I really wish I had my own place! I would take him in a heart beat! 
Hopefully he'll find a wonderful home.


----------



## FinnTastic (Apr 20, 2009)

Too bad someone couldn't 'adopt' him and then give him to rescue.


----------



## CAROLINA MOM (May 12, 2009)

FinnTastic said:


> Too bad someone couldn't 'adopt' him and then give him to rescue.


It wouldn't be the first time it's been done.


----------



## GoldenMum (Mar 15, 2010)

:I saw that Major is no longer on PetFinder, so I called the shelter.
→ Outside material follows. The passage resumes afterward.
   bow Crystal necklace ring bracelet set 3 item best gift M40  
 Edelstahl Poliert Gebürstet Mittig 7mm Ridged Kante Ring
This beautiful boy was adopted!


----------



## C's Mom (Dec 7, 2009)

Yippeeeeee!!!!


----------



## Karen519 (Aug 21, 2006)

*Thank God*

Thank God-so happy for Major!


----------



## goldencontriever3 (Nov 7, 2008)

That's great news!! Thank you for checking on him.


----------



## BaileyBo (Sep 10, 2008)

I'm SOOOOO glad! I've been thinking about ever since I saw this post. I'm currently living at home to save money while I'm finishing up grad school, and have been begging my dad to let me go get him. His response was trying to help me find a house to rent haha. I'm glad this sweet boy found a home!


----------